Now, before we are accused of being overly cynical, few would quibble with these objectives. Who doesn’t need a more resilient and adaptable economy, after all? And who wouldn’t be drawn by the prospect of renewable energy and the exploitation of renewable energy technology?

The problem is that Mr Swinney, as has the First Minister, seems to have over-stated the potential benefits, claiming the transition to a low carbon economy has the potential to support 130,000 jobs by 2020. Experts, including many sympathetic to the drive to boost renewables, think his assertion wildly optimistic.

Economist and consultant Professor Tony MacKay, Peter Hughes, chairman of Scottish Engineering, and Dr Ewan Mearns, an energy expert at Aberdeen University, have all expressed doubts, not about the principle but about the scale of supposed benefits.

Such hyperbole for a government which, to take one example, could have taken a practical step to cut carbon emissions from combustion engines by embracing the Edinburgh tram scheme, is of grave concern, not just to those who believe in the cause of renewables but to voters across Scotland.

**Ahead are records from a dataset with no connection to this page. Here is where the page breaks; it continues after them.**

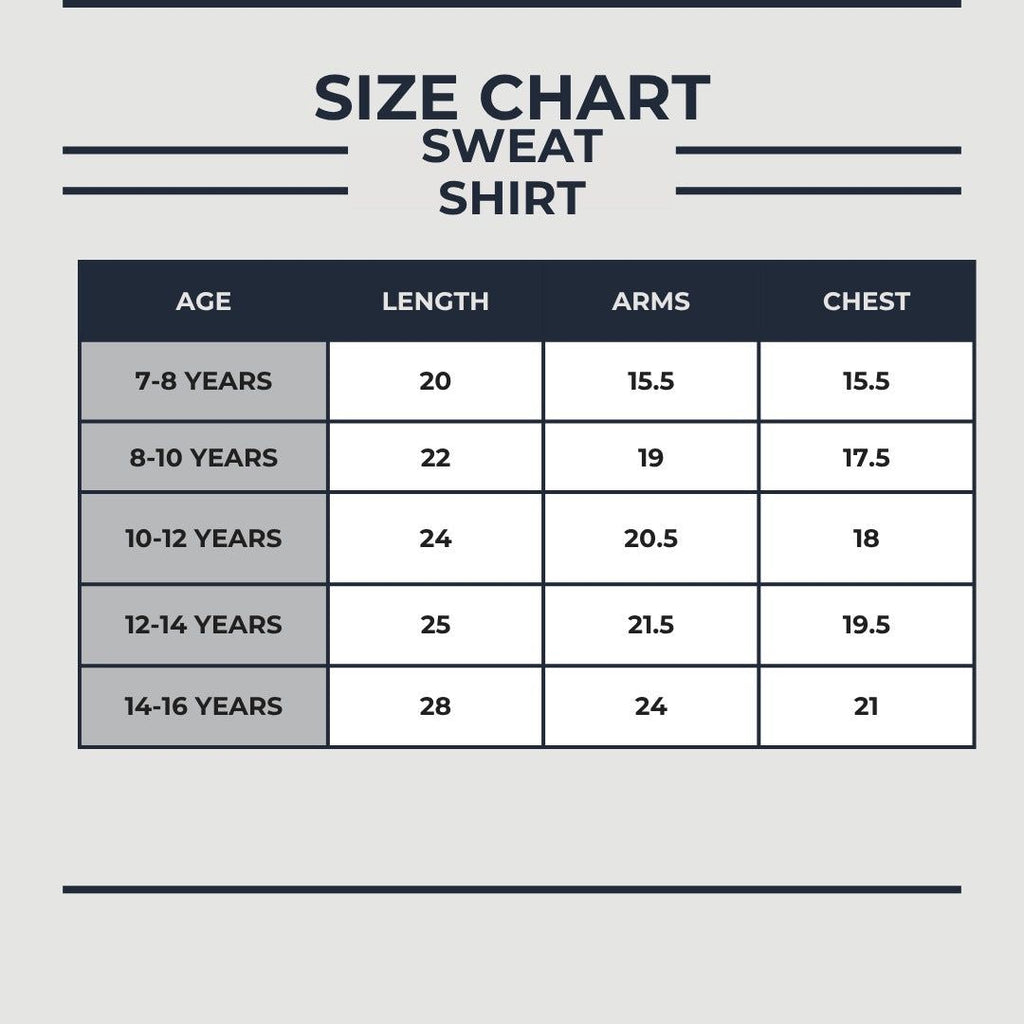 Boys Fleece Mock Neck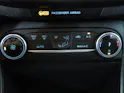 FORD Fiesta 1.0 SCTi Titanium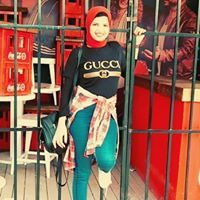 Nourhan Mohamed Ali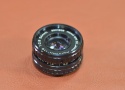 【B級特価品】 PENTAX-110   24mm F2.8 【PENTAX AUTO110用】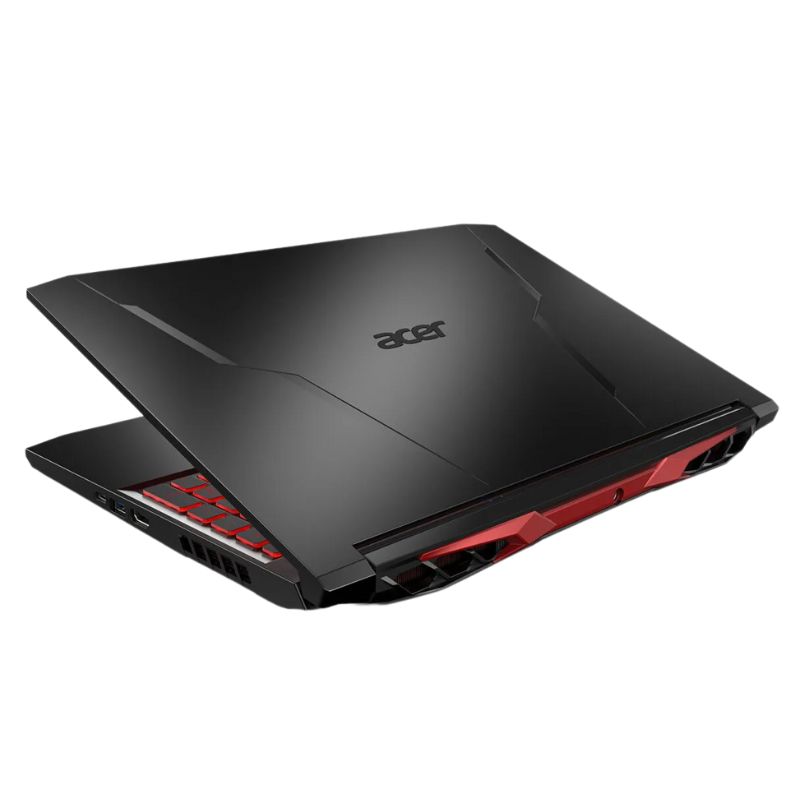 DTV sua-main-loi-ban-phim-acer-nitro-5-2021-a3.jpg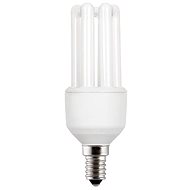 GE 11W, E14, 2700K, T3 mini - Energy Efficient Light Bulb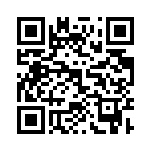 3AY3DMQ9VVLbxixp6SHZvpyApqdmsvAkdm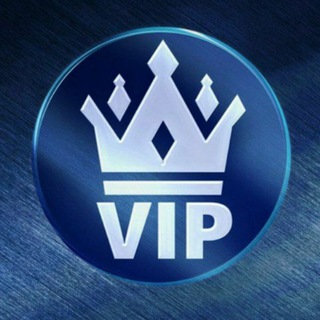 Логотип @oge_ege_otvetiiii - ОГЭ|ЕГЭ ОТВЕТЫ | ИТОГОВОЕ СОЧИНЕНИЕ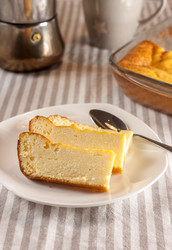 Similar image 13086643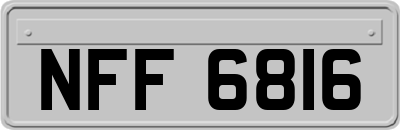 NFF6816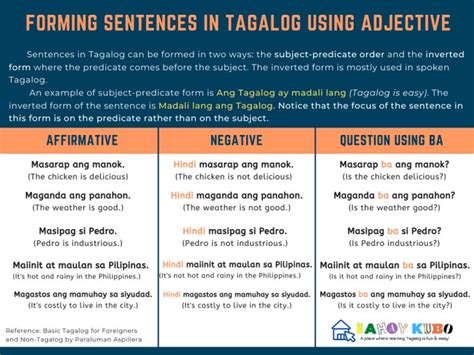 hauling in tagalog sentence|HAULING meaning in Filipino .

If SNP ministers make claims which are exaggerated or, in some cases, simply not true about issues such as renewable energy, what are we to make of other claims behind the policy which matters most to them and on which voters will soon have to decide in a referendum: namely independence? SNP ministers asserting something to be true does not make it true, and for their own sake they need to get their feet firmly on the ground.